Maurizio Sarri – Scrap tobacco tax

Thou shall not tax my nicotine fix.

Joey Barton – Change national language

We might have been slightly harsh on Jamie Vardy, but one person who perhaps warrants the ‘thug’ branding is Joey Barton. But his policy wouldn’t be about violence, he’d simply look to change the UK’s national language to French – a dialect he has already mastered.

Sir Alex Ferguson – Extend Brexit

Whatever SAF’s opinion on Brexit, if he was in charge he would continuously extend the deadline until he got what he wanted. Thank the footballing Gods Fergie Time is no longer a thing!

Mike Dean – Change the criminal justice system

We all know Mike Dean loves dishing out the cards. He would forget all this malarkey about arrest warrants, stop and searches etc. and simply just introduce a yellow card, red card system. Genius!

Harry Redknapp – ???

Absolutely no idea what his policy would be, but we know he’d have Niko Kranjcar, Peter Crouch and Jermaine Defoe alongside him as his staff.

Jan Venegoor of Hesselink – Limit the cost of printing

Everyone loved getting their name printed on the back of their football shirts as a kid, but maybe not poor Hesselink. He’d have had to have saved up thousands the amount Sports Direct charged per letter, so his policy would be dedicated to limiting this cost.

Gareth Bale – Golf, top-knots, Madrid – in that order

Bale would make golf the national sport, make it illegal for men to not have a top-knot and divert all Spanish flights away from Madrid.

Vinnie Jones – Footballing purge

Football’s hard man Vinnie Jones used to love a tackle. He’d bring in a purge section of the game, where any and every tackle is legal. Perhaps squeeze it in around the tenth minute. Make the opening exchanges more interesting.

Peter Crouch – Enlarge doorframes

It’s not easy being Peter Crouch. For the sake of his neck, and anyone else over the height of seven-foot, he’d add a good few inches to doorframes. Realistically this would never happen, though. We all wish we could add a few inches, but we just have to accept and deal with what we have.

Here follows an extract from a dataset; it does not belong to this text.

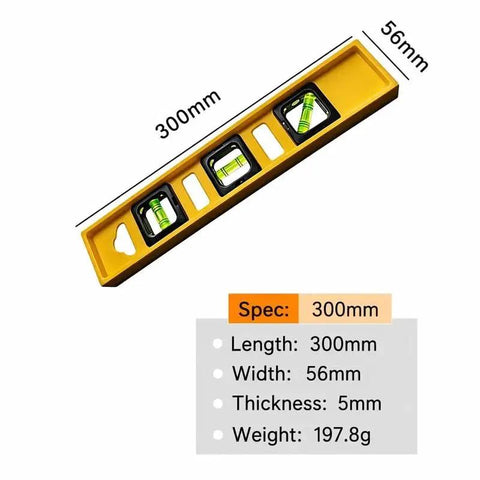 Two piece set Spirit Level Tool, Yellow, Multiple Sizes 24"/12", 300mm level with vials, dimensions 300mm x 56mm.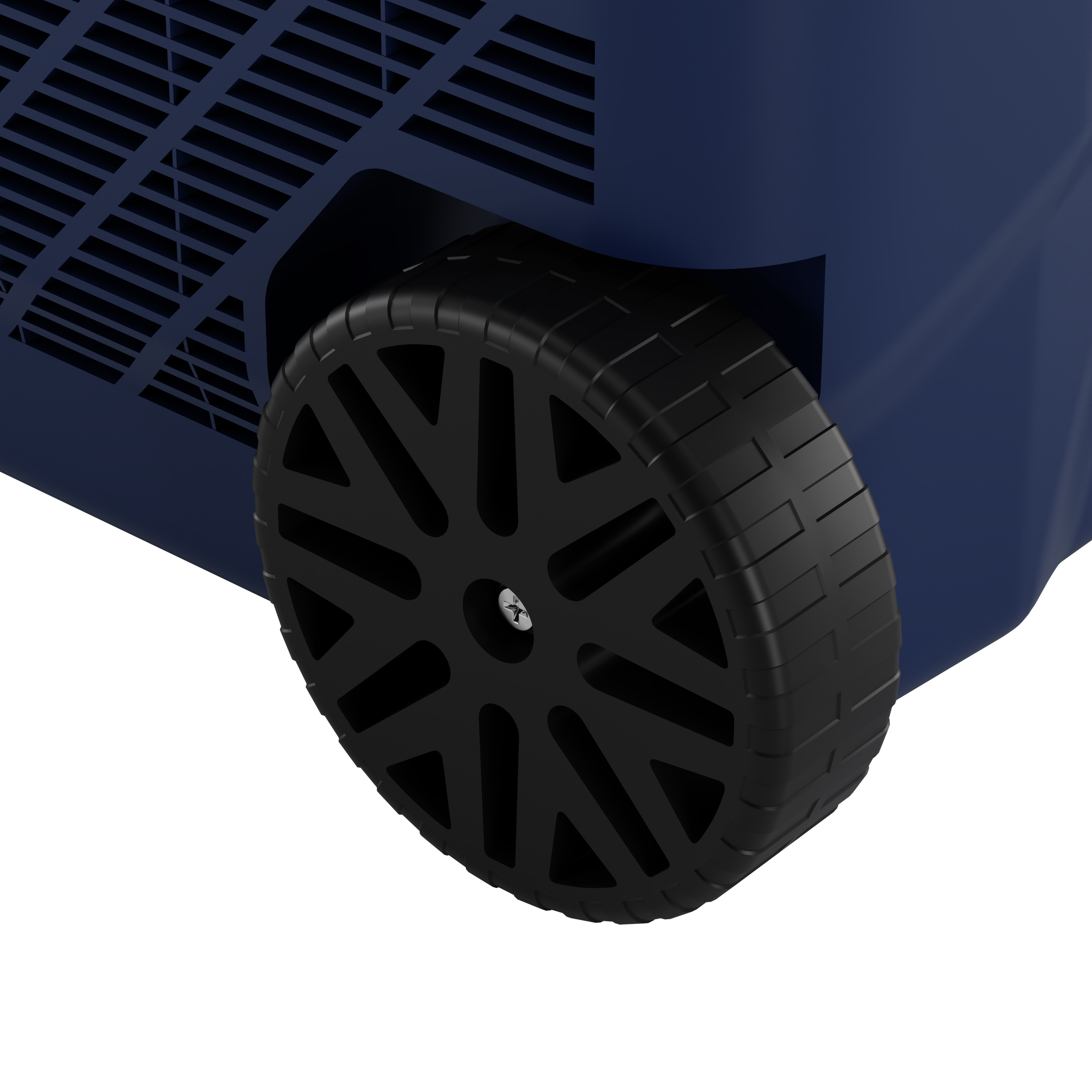 Een blauwe koelbox met een zwart wiel en ventilatiesleuven.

Ashley Cole, John Terry and Ryan Giggs– Make multiple wives legal

Cole, Terry and Giggs would all team up in a bizarre coalition. They’d allow for multiple wives, while spending billions on an ad campaign explaining why cheating isn’t actually cheating (especially when it’s with your teammate or brother’s mrs).

N’golo Kante – Reduce military defence budget to £0

Kante would reduce the defence budget entirely and simply intercept any imminent threat to the UK himself.